Para resumir estes problemas com uma metáfora, imagine que a economia capitalista mundial é um carro muito potente, mas que se encontra momentaneamente “afogado”. O keynesianismo vulgar sugere um empurrão para que o automóvel volte a andar depressa. Em contraste, proponho que aproveitemos a situação do carro e nos indaguemos: “Esse veículo consome muita gasolina, não dá para ser mais econômico?” e “tem um monte de gente sentada apertada no banco de trás e só duas pessoas confortavelmente sentadas na frente; isso é justo?”.
Essas questões são de difícil solução, mas precisam estar no centro e não nas margens do debate.
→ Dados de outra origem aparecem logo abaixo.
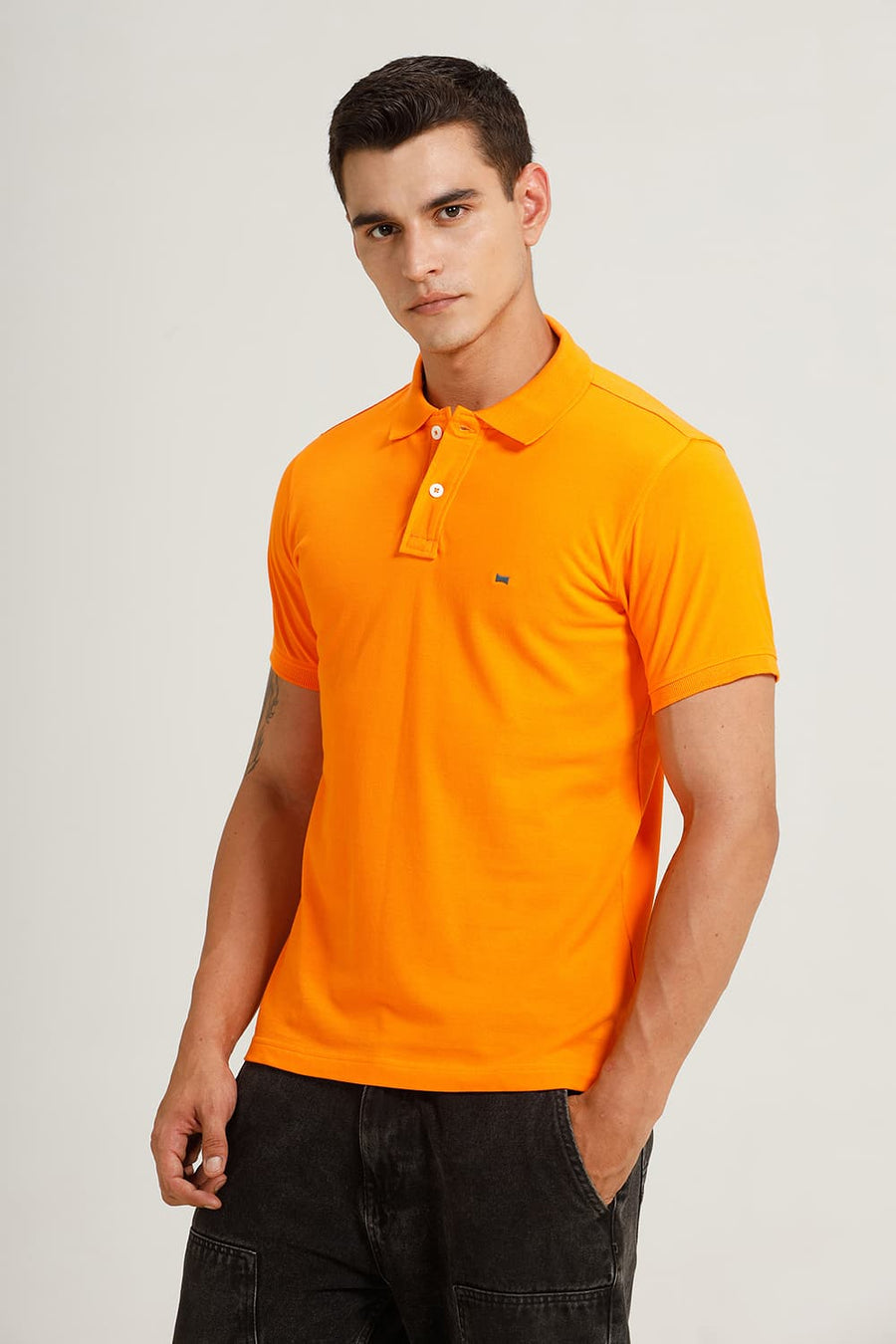 BASICS REGULAR FIT TANGELO COTTON POLO T-SHIRT
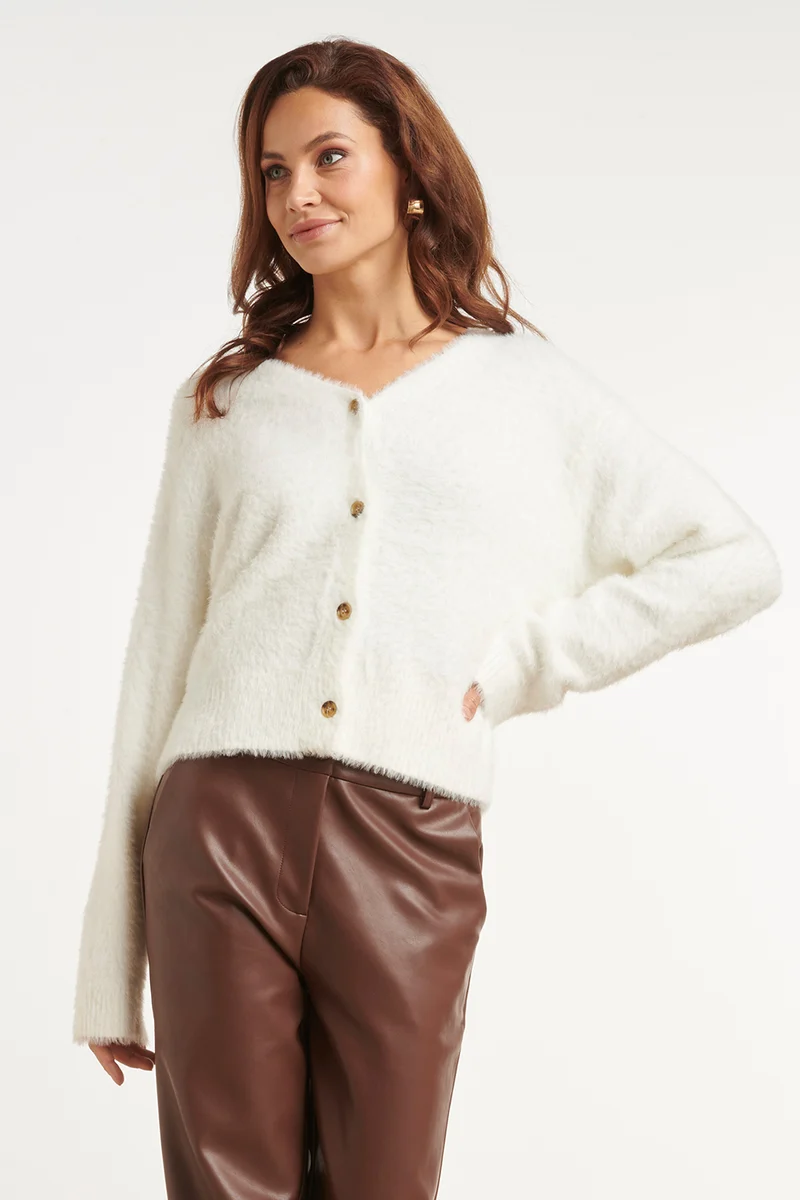 Fluffy Vest Met Sierknopen | Off White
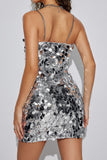 Sequin Spaghetti Strap Bodycon Mini Dress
Com uma versão vulgar de keynesianismo, só estaremos empurrando com a barriga (para as próximas gerações) um problema que devemos resolver. E no processo de construir um mundo mais igualitário e mais verde, reinventaremos o capitalismo, que, ao final, talvez nem capitalismo seja mais.
Por: Felipe Amim Filomeno, na ‘Carta Capital’.
Em: 04 de Dezembro de 2011.
Disponível em: <http://www.cartacapital.com.br/economia/para-alem-do-crescimento/>.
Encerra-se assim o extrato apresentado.